*Input data*:
-- -- --

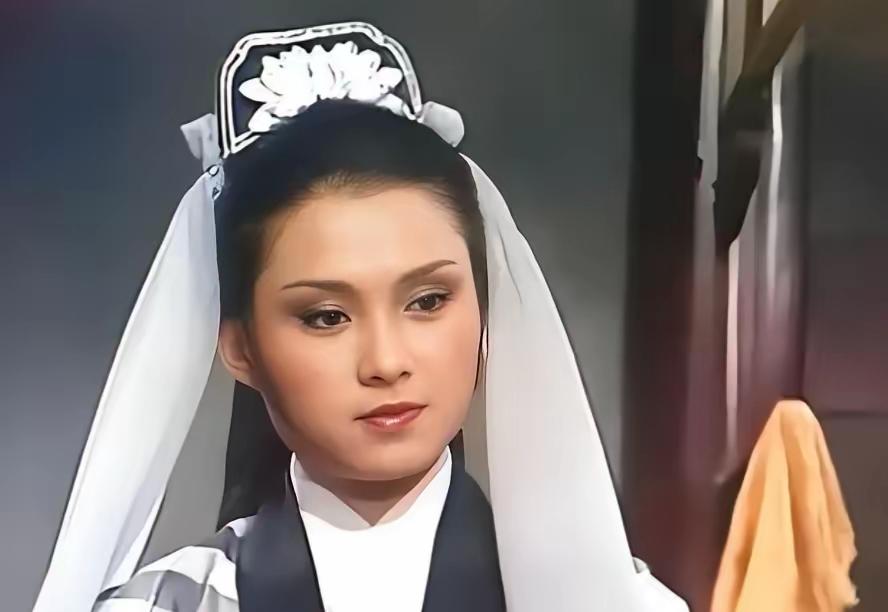 谁知道这是哪部剧的剧照？
小女子真漂亮，港味很浓啊！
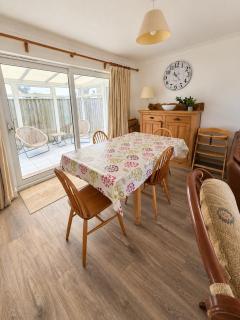 Stockwood - 3 bedroom bungalow, sleeps 6, dog friendly, - 2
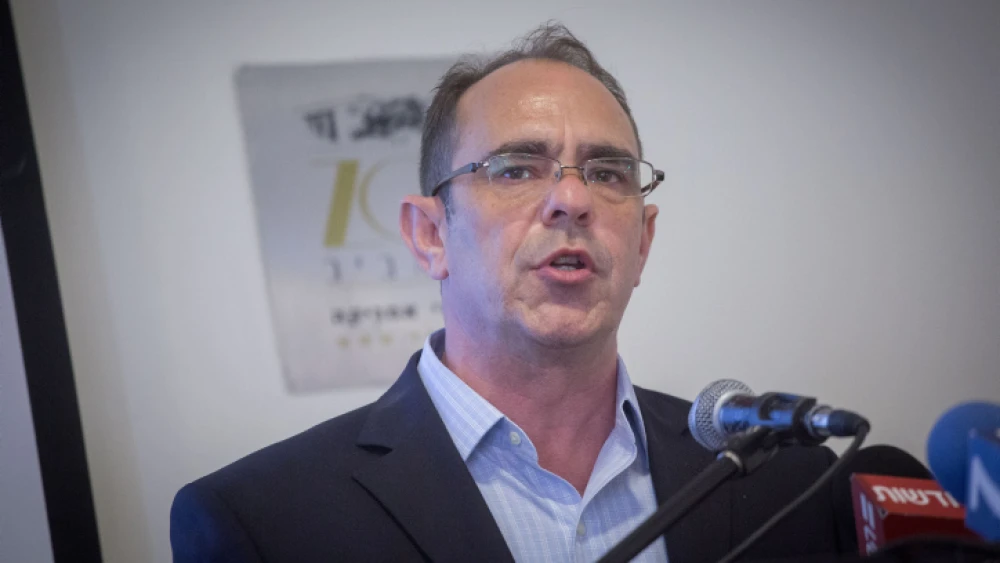 Palestinian Media Watch Legal Department head Maurice Hirsch at a press conference organized by the “Choosing Life Forum,” a nonprofit organization of bereaved families, in Tel Aviv on the topic of the death penalty for terrorists, July 3, 2018. Photo by Miriam Alster/Flash90.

-- -- --

*Task prompt*: As you output the material, omit the pictures but alter nothing else.

*Exercise response*:
 谁知道这是哪部剧的剧照？
小女子真漂亮，港味很浓啊！
 Stockwood - 3 bedroom bungalow, sleeps 6, dog friendly, - 2
 Palestinian Media Watch Legal Department head Maurice Hirsch at a press conference organized by the “Choosing Life Forum,” a nonprofit organization of bereaved families, in Tel Aviv on the topic of the death penalty for terrorists, July 3, 2018. Photo by Miriam Alster/Flash90.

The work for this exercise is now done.